As sure as the sun rises and sets every day, Jacob Zuma will have his day in court, in about a year’s time, give or take a couple of months.
The agonisingly long running saga of the so-called Spy Tapes finally came to a head when Mokotodei Mpshe’s 2009 decision to set aside the 783 charges faced by Jacob Zuma was declared irrational and illegal by the North Gauteng High Court in April.
In a trice, Jacob Zuma and the NPA applied for leave to appeal, and were turned down.
The NPA petitioned the Constitution Court for leave to appeal, citing constitutional grounds. Jacob Zuma petitioned the Supreme Court of Appeals (SCA) for leave to appeal.
On October 7, the Con Court said “It has concluded that it is not in the interests of justice for this Court to hear the matter at this stage.”
How come? Well, simply because the SCA, a lower court, has yet to respond to Jacob Zuma’s petition for leave to appeal in respect of the same matter. Now what?
Last Wednesday, the SCA agreed to hear legal argument as to why Jacob Zuma ought to be granted leave to appeal.
His legal team was advised that if leave to appeal is granted, the appeal will be argued at the same time. The parties must file documents within three months.
What are the chances of leave to appeal being granted? Well, if the same arguments are advanced that were used when applying for leave to appeal the North Gauteng High Court ruling, zero, according to legal experts.
Even if leave to appeal is granted – which the court may well do because of the political sensitivity of the matter – the likelihood of the April High Court ruling being overturned is virtually non-existent.
By this time, allowing about three months before the SCA hands down a ruling, we are six months down the track, and the NPA’s petition to the Con Court is still outstanding.
Inevitably, because he has deep pockets (courtesy of the public purse), and the need to delay for as long as possible, Jacob Zuma will also petition the Con Court to hear the matter on constitutional grounds.
Since both petitions – the NPA’s and Jacob Zuma’s – pertain to the same matter, they will either both be granted or denied. Again, because of political sensitivity, the Con Court may well choose to hear argument, like the SCA has agreed to do, as to why it should hear the matter.
Allowing for three months to file documents, the Con Court is likely to hear both argument in support of why it ought to hear the case, and if it agrees to hear the case, it will have the matter argued immediately.
Allowing a further three months before the Con Court hands down a ruling, which is most unlikely to be anything other than dismissing both appeals with costs, Jacob Zuma will have reached the end of the line.
He will have no further avenues of appeal, and his long-awaited day in court will have dawned, and this is where it gets interesting.
Contrary to popular belief, it is not up to the NPA to seek a court date. The matter is entirely out of Shaun Abrahams’ hands. The April High Court ruling means the charges against Jacob Zuma are automatically reinstated.

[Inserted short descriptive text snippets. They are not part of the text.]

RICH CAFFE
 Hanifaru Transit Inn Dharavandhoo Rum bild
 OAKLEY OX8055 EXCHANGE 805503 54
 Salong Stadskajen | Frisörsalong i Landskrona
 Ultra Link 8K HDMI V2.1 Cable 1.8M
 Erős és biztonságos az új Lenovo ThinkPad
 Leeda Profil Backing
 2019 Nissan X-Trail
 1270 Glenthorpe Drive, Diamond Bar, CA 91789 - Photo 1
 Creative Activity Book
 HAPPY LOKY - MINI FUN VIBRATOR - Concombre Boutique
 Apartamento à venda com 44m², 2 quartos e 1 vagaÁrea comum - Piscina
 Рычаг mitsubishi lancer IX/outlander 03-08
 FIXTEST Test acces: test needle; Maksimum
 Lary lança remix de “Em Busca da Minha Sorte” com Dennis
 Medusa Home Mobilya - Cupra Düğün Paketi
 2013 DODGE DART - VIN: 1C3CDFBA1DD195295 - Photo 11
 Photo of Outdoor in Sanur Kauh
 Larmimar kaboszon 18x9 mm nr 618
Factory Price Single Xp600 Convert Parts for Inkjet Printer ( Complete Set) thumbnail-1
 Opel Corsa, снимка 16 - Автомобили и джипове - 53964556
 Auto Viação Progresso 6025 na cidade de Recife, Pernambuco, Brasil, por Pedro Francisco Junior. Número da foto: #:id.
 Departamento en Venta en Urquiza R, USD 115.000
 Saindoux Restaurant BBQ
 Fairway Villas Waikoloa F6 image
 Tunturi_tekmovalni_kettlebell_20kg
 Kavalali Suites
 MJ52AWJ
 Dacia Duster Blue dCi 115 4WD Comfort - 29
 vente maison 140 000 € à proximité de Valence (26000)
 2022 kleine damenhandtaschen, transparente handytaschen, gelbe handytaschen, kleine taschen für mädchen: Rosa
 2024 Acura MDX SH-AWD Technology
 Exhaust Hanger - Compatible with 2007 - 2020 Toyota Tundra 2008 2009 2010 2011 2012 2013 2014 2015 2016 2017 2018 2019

All that remains to be done, is for a court date to be allocated, and a judge appointed to hear the matter. That particular privilege falls to North Gauteng High Court judge president Dunstan Mlambo, and it would be hard to imagine there would be any delay in setting the matter down.
There is of course the possibility, remote as it might be, that Shaun Abrahams would choose to do as Mokotedi Mpshe did – set aside the charges – but in order to do so with any chance of success, he would have to come up with compelling new evidence to support his decision, and the likelihood of that evidence withstanding the test of judicial review, is at best, slim.
The Zuma camp has advanced every threadbare legal argument that it could in the last eight years, and the cupboard is finally bare.
Sometime late next year, or early 2018, the nation can make the popcorn, break out the cool-drink, and settle down on the sofa to watch the TV spectacle unfold, as Jacob Zuma finally gets his comeuppance.